松田 憲一 「水面の枯葉」 92×162.5
水彩画の薄い塗りの強さが際立つ作品。この薄さで作品としての説得力があるのは、松田氏の絵画力の高さだ。バランス感覚が、いかんなく発揮されている。実に薄い薄い最小限の着彩の層が、強烈に強い絵画的色面に変わる一瞬。淡彩と言えるような着色層が、なぜこれほど堅固な色面に変わりうるのか、驚異的なものがある。ただのものが、絵画としての表現に変わる魔術のような作画力は別格だ。モノである画面が絵画に生まれ変わる秘密をわかっているからに違いない。松田氏は油彩画の作家である。油彩画においては、マチュエール重視の作家である。油彩では油彩の材料への反応をしている。その必要な迫り方の結果として、むしろ水彩では水彩の材料への反応が必要と考えているのだろう。絵画というものの成り立ちをよくよく理解している感性の由縁であろう。
上田 恭子 「緑のラビリンス」 F80×3
心の世界の広がり、水彩画が心に最も近い色彩であるという事を示している。見るものが心の中を映像として想像してみれば、水彩画がの、上田さんのような表現に最も近いものであろう。と思わせてしまうような作品がここに実在する。心の色であるから、心の調子であるから、作者の心はそのままに染み渡る。音楽と絵画がその根底では通じ合っているような調和。
高橋 道子 「夏 霞」
高千穂の山を描いたものと作者は言われていた。山であることは確かにそうなのだが、描かれるうちに、その山は色の渦になる。想念の渦巻きに変わる。この思いの渦がいかに強いもので、ゆるぎないものなのかに巻き込まれてゆく。それは感性というような、漂うものではなく思想呼ぶべきの強固な渦のようだ。得体のしれないものに対峙する荘厳。
松原 瞭子 「菜園譜」 F100
エネルギーが画面にあふれている。画面に絵の具を乱暴にぶちまけたところでエネルギーというものが表現されることはない。画面にエネルギーが乗り移るためにはさまざまな仕組みを必要としている。その仕組みの自由さが松原さんの世界なのだろう。我々が見せられるものはこの絵から飛び散る尽きることのないパワーだ。水彩画でこれほどパワフルなものは、見たことがなかった。

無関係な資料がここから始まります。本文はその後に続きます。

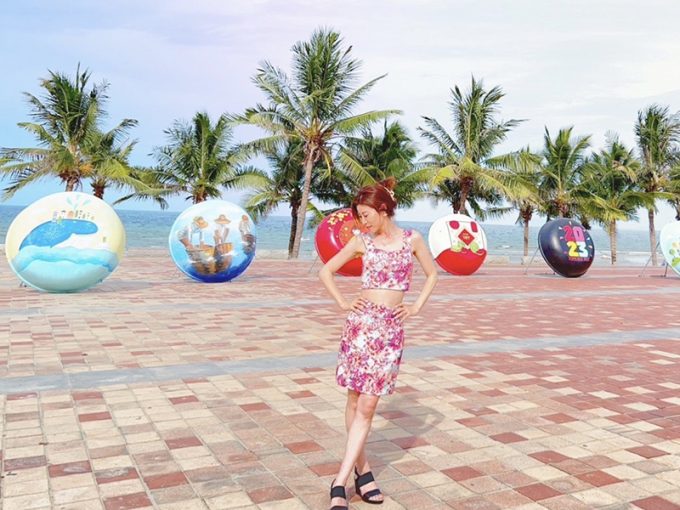 ビーチ沿いにて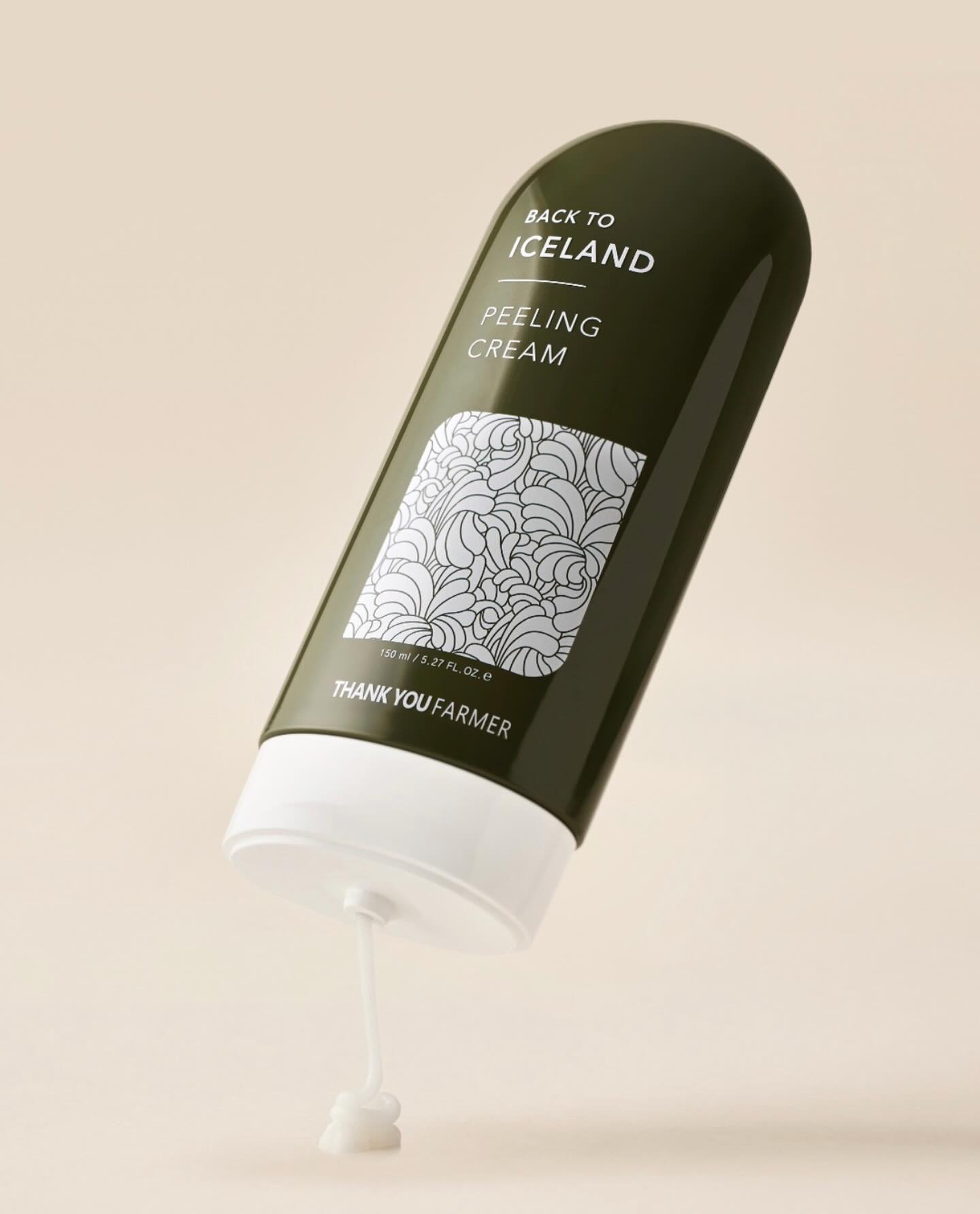 ~
🌿✨- Back To Iceland Peeling Cream -✨🌿
🌳 Schlüsselwirkstoff: 87 % Isländischer Moos Extrakt, der die Haut pflegt und ihre natürliche Balance unterstützt.
🫧 Sanftes Peeling: Entfernt abgestorbene Hautzellen besonders schonend und hilft, überschüssigen Talg zu regulieren.
🌱 Pflanzliche Cellulose: Bildet kleine Röllchen, die abgestorbene Hautschüppchen sanft entfernen.
✨ Antimikrobiell & entzündungshemmend: Unterstützt die Hautgesundheit und hilft, gereizte Haut zu beruhigen.
💆🏻♀️ Fördert die Hauterneuerung: Unterstützt die natürliche Zellregeneration für ein klareres, glatteres Hautbild.
🛡️ Antioxidativer Schutz: Hilft, die Haut vor freien Radikalen und schädlichen Umwelteinflüssen zu schützen.
➡️ Entdecke die Back To Iceland Peeling Cream und das gesamte Thank You Farmer Sortiment ganz bequem in unserem Online-Shop. 🛍️
🔗 Link in der Bio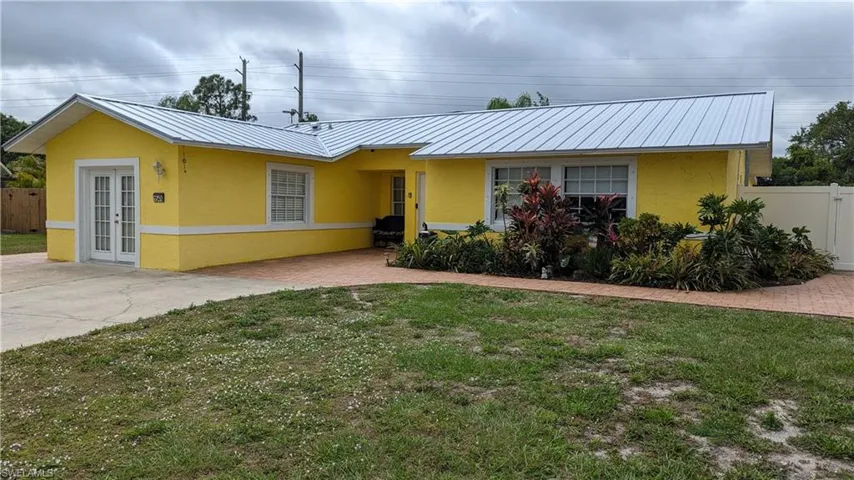 15476  Spring Line  LN, Fort Myers, FL 33905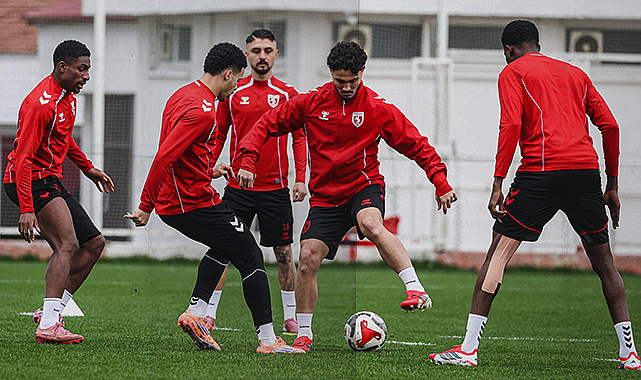 Samsunspor Antalyaspor Deplasmanı İçin Hazırlıklarını Nuri Asan Tesisleri'nde Tamamladı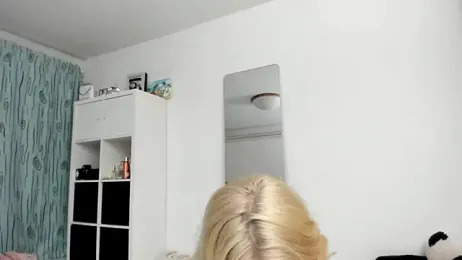 KenzieDawton webcam stripchat model stream image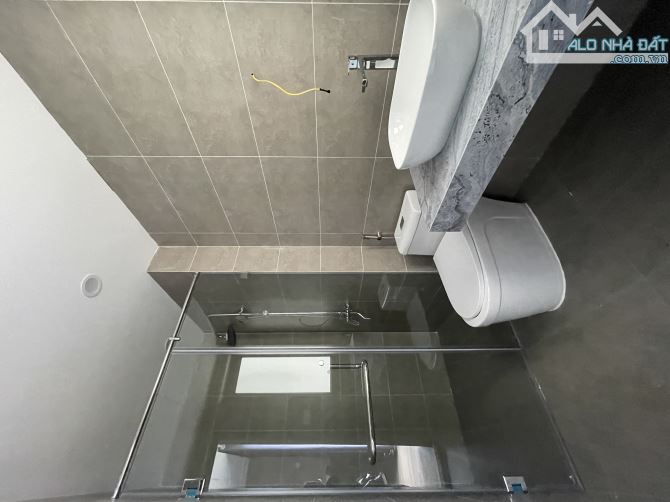 Bán nhà Nguyễn Văn Cừ 45m,6 tầng,thang máy,full nội thất,giá 8.x tỷ - 6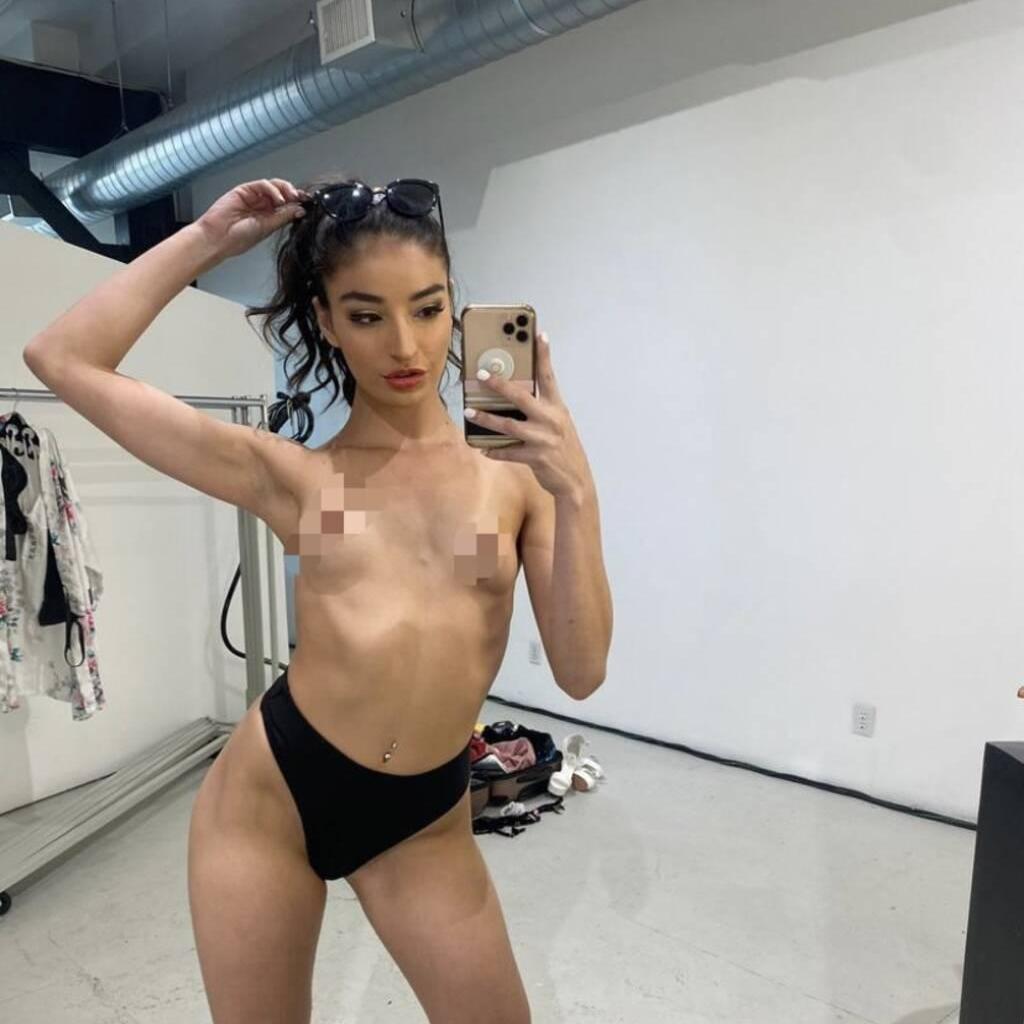 
                        Marie
                     is Female Escorts. | Guelph | Ontario | Canada | EscortsLiaison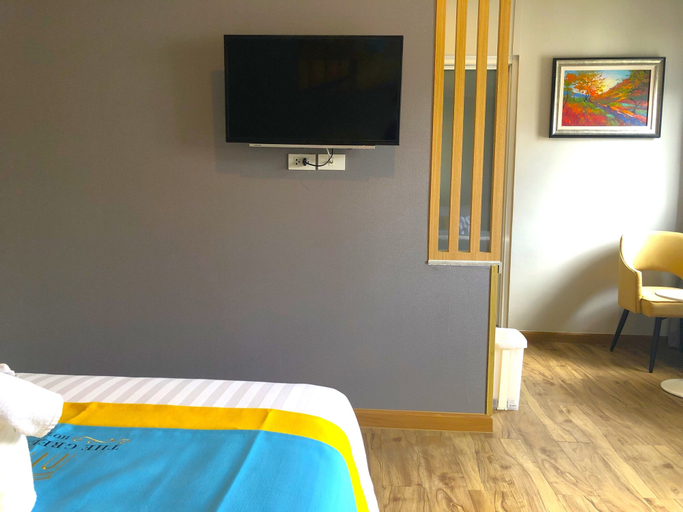 Bedroom 12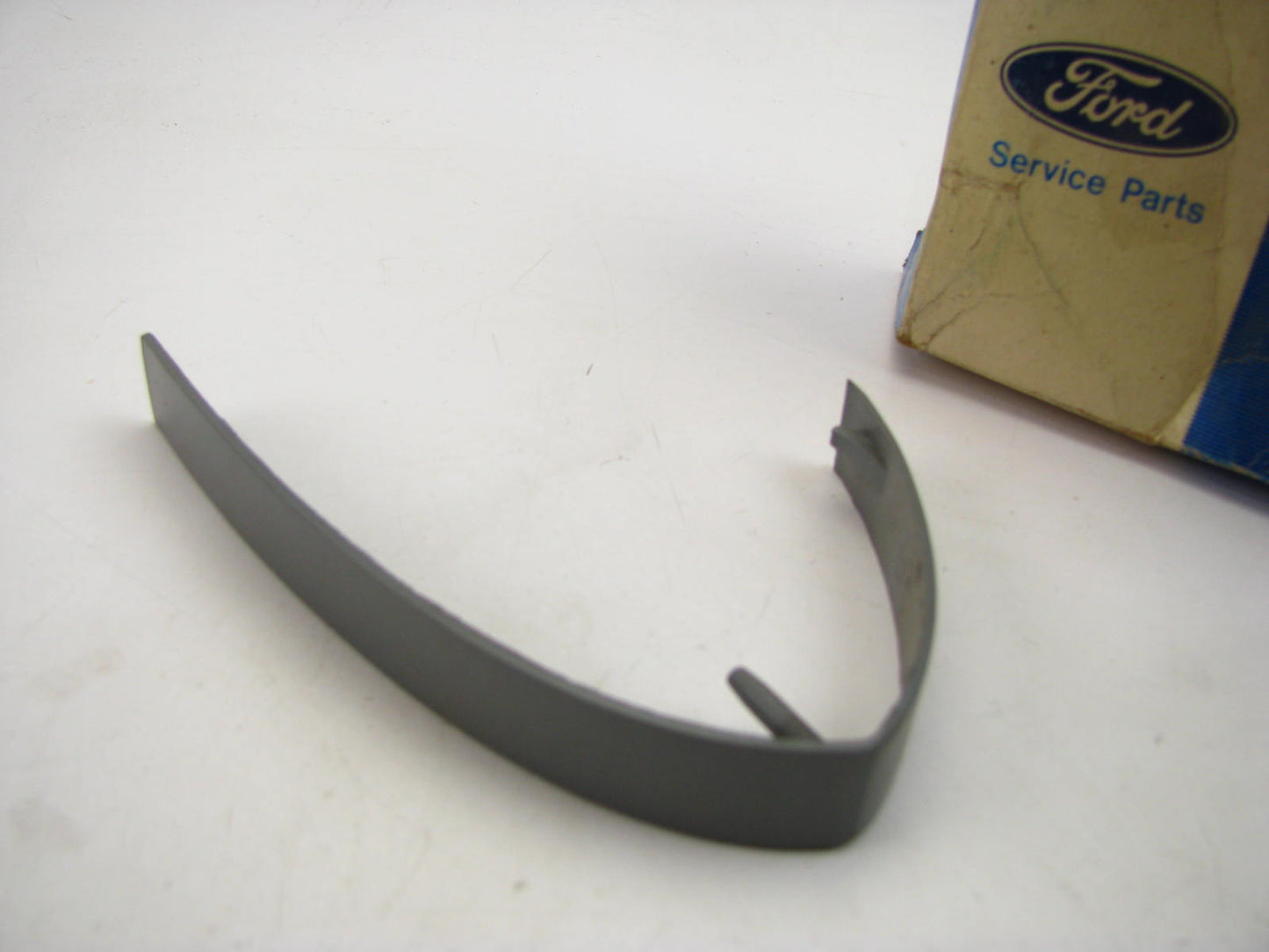 NEW - OEM Ford D5AZ-13A265-A Front Upper Parking Lamp Door Trim 1975-1976 LTD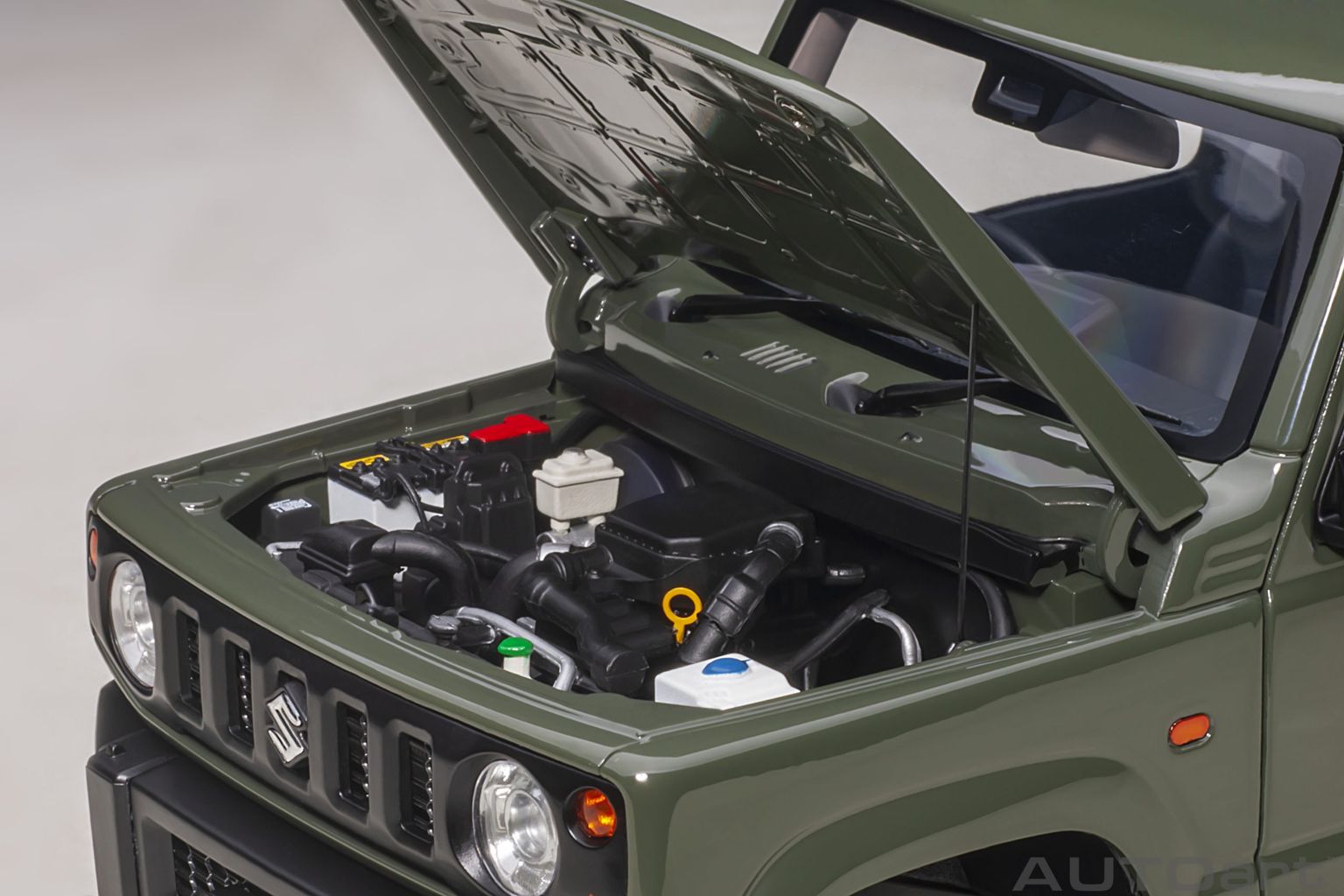 Suzuki Jimny JB64 RHD 2018 jungle green 1:18 AUTOart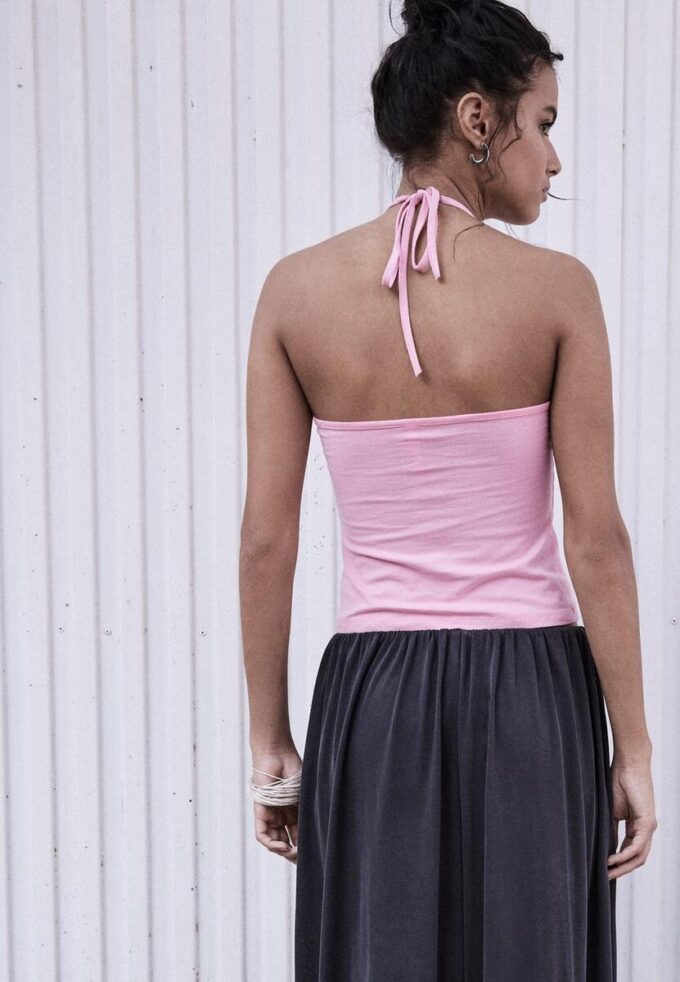 Top de punto con cuello halter Top de punto con cuello halter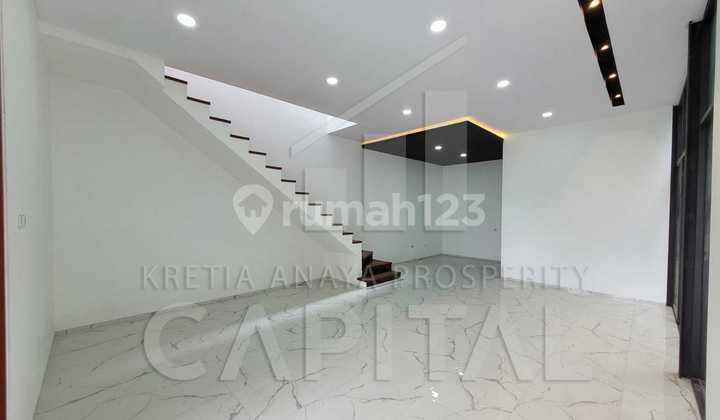 A New Home That Will Surely Captivate Your Heart in Setraduta Grande Near Maranatha Campus and Pasteur Toll Road. 2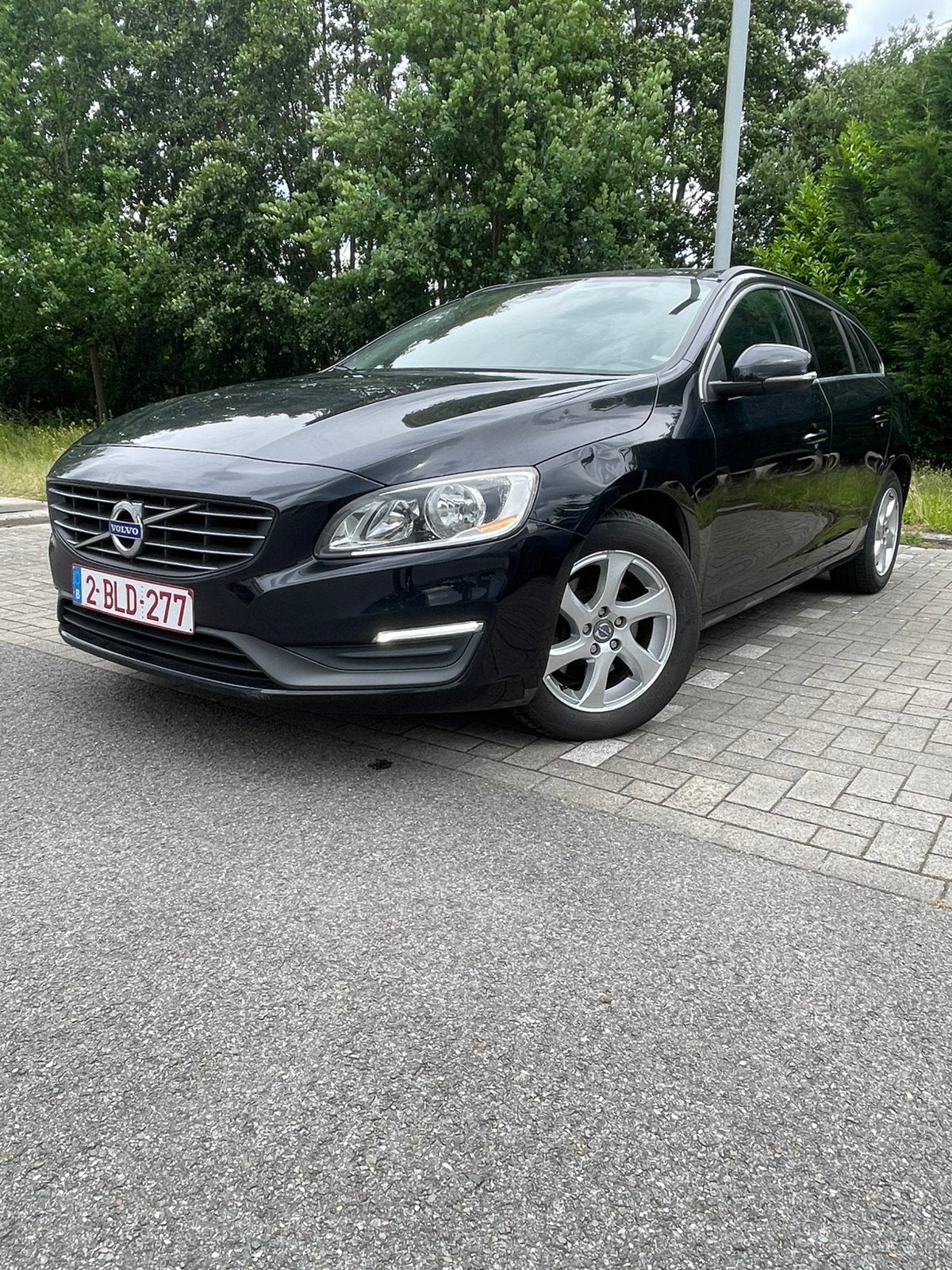 Volvo V60 D2 Momentum Automaat Navi/Leder/Pdc/ Trekhaak, Auto's, Volvo, Particulier, V60, ABS, Adaptieve lichten, Airbags, Airconditioning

ここに5名の水彩人同人の絵を並べさせてもらったが、良い展覧会だと改めて思う。良い仲間がいる。こうした人達の刺激を貰いながら、絵を描いている幸せ、幸運。互いに本気で批評し合いながら進める。水彩人の場というものがあったという事で、互いに高まってきたと実感できる。自分の至らなさをつくづく思う訳だが、比較しても仕方がないことだが。自分としてやれる限りのことをやってみようとあらためて決意する。そういう19回展であった。